• WHAT YOU WILL DO
Within the entries below, find the portion that opens with the line containing "Pudín en una mesa de restaurante" and closes with the line containing "nervozan jer se". Retype that portion exactly and only.

-------- INFORMATION SUPPLIED --------

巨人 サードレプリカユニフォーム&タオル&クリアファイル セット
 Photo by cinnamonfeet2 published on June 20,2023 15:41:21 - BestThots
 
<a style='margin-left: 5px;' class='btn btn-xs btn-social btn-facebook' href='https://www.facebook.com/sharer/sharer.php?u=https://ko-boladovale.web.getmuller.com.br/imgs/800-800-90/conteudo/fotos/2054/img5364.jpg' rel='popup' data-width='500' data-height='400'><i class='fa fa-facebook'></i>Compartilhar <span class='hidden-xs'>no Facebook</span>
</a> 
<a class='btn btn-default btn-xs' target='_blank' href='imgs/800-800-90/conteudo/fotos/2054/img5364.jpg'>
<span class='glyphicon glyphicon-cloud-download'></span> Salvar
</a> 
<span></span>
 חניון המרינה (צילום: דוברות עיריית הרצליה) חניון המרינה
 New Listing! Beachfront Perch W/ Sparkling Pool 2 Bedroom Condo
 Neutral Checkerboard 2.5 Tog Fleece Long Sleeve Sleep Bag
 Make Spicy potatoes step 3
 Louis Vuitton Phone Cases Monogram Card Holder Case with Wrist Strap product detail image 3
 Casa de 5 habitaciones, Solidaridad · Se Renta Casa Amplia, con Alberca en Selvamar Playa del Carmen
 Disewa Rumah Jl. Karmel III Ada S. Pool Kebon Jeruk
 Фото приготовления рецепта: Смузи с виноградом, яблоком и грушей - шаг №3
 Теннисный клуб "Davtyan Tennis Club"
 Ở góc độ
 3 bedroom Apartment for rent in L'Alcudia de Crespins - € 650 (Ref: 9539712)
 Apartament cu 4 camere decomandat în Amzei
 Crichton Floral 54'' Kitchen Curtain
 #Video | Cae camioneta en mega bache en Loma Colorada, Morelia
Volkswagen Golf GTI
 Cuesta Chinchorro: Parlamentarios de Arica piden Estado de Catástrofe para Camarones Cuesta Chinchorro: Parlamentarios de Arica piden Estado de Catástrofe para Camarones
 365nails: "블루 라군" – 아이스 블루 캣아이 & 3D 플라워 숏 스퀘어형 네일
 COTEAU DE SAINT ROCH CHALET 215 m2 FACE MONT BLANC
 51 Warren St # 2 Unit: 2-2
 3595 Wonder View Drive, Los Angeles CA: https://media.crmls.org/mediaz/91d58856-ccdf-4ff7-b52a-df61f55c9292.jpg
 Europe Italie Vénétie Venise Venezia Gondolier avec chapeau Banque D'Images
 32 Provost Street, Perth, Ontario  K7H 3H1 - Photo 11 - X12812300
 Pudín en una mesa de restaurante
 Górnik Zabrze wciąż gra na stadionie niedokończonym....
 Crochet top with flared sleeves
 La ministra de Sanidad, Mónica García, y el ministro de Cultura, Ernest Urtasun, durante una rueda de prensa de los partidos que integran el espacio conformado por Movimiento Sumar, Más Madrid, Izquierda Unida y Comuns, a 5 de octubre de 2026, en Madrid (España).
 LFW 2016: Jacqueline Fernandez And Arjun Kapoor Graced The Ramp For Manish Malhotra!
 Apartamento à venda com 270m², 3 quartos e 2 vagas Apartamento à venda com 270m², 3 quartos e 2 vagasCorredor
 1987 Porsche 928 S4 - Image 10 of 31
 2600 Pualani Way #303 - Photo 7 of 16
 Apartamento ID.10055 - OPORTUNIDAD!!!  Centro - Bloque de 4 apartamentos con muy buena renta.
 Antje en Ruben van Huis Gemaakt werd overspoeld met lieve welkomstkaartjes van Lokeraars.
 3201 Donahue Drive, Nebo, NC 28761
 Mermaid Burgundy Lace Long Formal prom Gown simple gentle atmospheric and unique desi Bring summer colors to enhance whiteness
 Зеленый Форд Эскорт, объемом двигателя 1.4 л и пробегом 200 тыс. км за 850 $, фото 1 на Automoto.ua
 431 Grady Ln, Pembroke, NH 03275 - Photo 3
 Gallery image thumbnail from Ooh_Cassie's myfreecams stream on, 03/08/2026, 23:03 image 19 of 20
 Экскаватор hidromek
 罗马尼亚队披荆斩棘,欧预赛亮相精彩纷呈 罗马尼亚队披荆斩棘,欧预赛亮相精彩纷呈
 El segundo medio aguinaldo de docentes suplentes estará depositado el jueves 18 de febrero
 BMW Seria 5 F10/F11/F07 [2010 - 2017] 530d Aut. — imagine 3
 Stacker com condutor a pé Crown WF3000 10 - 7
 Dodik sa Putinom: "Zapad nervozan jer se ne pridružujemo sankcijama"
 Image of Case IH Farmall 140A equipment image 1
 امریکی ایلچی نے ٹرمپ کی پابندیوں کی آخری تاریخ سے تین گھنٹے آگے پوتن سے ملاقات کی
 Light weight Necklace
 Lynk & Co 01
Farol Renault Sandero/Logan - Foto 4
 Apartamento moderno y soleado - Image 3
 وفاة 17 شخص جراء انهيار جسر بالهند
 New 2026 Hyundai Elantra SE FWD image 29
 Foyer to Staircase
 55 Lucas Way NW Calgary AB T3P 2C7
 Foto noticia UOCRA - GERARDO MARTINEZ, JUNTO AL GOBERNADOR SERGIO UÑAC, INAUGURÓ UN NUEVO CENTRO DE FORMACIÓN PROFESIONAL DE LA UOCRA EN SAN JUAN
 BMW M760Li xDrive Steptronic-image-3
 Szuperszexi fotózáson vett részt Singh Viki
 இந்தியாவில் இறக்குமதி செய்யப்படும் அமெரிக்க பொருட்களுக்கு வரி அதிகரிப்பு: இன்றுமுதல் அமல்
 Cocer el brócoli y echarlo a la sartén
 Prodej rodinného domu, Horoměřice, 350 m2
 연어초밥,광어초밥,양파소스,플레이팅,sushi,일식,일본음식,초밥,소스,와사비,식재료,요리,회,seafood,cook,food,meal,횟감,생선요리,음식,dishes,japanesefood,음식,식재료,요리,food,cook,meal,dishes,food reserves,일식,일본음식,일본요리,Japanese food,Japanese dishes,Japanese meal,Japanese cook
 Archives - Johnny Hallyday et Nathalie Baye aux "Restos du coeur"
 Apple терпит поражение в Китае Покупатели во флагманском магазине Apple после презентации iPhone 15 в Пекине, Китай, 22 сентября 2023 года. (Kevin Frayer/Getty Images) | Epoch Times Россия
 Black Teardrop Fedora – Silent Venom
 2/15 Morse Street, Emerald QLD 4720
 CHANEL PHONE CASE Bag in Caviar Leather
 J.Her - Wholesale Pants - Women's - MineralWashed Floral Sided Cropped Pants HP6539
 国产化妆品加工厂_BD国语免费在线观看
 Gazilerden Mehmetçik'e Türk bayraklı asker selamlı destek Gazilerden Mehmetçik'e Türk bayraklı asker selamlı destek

--------

• YOUR SOLUTION
 Pudín en una mesa de restaurante
 Górnik Zabrze wciąż gra na stadionie niedokończonym....
 Crochet top with flared sleeves
 La ministra de Sanidad, Mónica García, y el ministro de Cultura, Ernest Urtasun, durante una rueda de prensa de los partidos que integran el espacio conformado por Movimiento Sumar, Más Madrid, Izquierda Unida y Comuns, a 5 de octubre de 2026, en Madrid (España).
 LFW 2016: Jacqueline Fernandez And Arjun Kapoor Graced The Ramp For Manish Malhotra!
 Apartamento à venda com 270m², 3 quartos e 2 vagas Apartamento à venda com 270m², 3 quartos e 2 vagasCorredor
 1987 Porsche 928 S4 - Image 10 of 31
 2600 Pualani Way #303 - Photo 7 of 16
 Apartamento ID.10055 - OPORTUNIDAD!!!  Centro - Bloque de 4 apartamentos con muy buena renta.
 Antje en Ruben van Huis Gemaakt werd overspoeld met lieve welkomstkaartjes van Lokeraars.
 3201 Donahue Drive, Nebo, NC 28761
 Mermaid Burgundy Lace Long Formal prom Gown simple gentle atmospheric and unique desi Bring summer colors to enhance whiteness
 Зеленый Форд Эскорт, объемом двигателя 1.4 л и пробегом 200 тыс. км за 850 $, фото 1 на Automoto.ua
 431 Grady Ln, Pembroke, NH 03275 - Photo 3
 Gallery image thumbnail from Ooh_Cassie's myfreecams stream on, 03/08/2026, 23:03 image 19 of 20
 Экскаватор hidromek
 罗马尼亚队披荆斩棘,欧预赛亮相精彩纷呈 罗马尼亚队披荆斩棘,欧预赛亮相精彩纷呈
 El segundo medio aguinaldo de docentes suplentes estará depositado el jueves 18 de febrero
 BMW Seria 5 F10/F11/F07 [2010 - 2017] 530d Aut. — imagine 3
 Stacker com condutor a pé Crown WF3000 10 - 7
 Dodik sa Putinom: "Zapad nervozan jer se ne pridružujemo sankcijama"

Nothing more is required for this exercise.